Killing Prometheans.
But he did not tell her that, either. He just shrugged.
“Father said his only comfort was that I was at school at that time and had not caught the fever, too, and also died.” A world-weary sigh escaped him. “But I know it wouldn’t have killed me, anyway. Nothing ever does.”
She gave him a quizzical look, but leaned closer, bridging the small distance between them; she cupped his face with tender affection. “Well, I, for one, am glad of that.”
He stared at her.

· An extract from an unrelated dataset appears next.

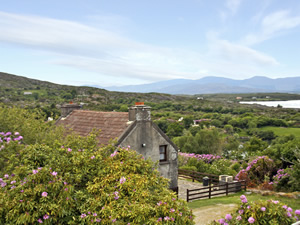 Self catering breaks at Lauragh in Beara Peninsula, County Kerry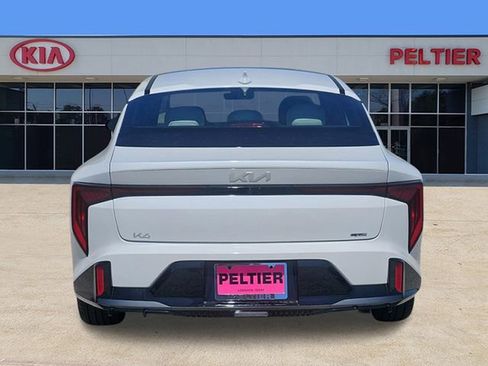 New 2026 Kia K4 GT-Line FWD image 4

Her touch was so soft it made him ache. He closed his eyes as his control slipped; tilting his head, he pressed a fervent kiss into her palm.
He heard her breathe his name, then her delicate hand turned his face forward again; without warning, she moved forward onto her knees and pressed an urgent but virginal kiss to his lips.
His heart slammed in his chest.
Wonderstruck by her unexpected move, he sat in trembling stillness, chaining himself back, only returning her kiss gently as his pulse pounded. God knew, he barely dared breathe for fear of scaring her away.
His restraint emboldened her. She moved closer, kissing him again, and again. Her lips stroking his were supple, satin, sweet.
He shuddered with the need to unleash his passion, but still, he held himself back, just as she paused with the air of a woman stopping herself with great effort.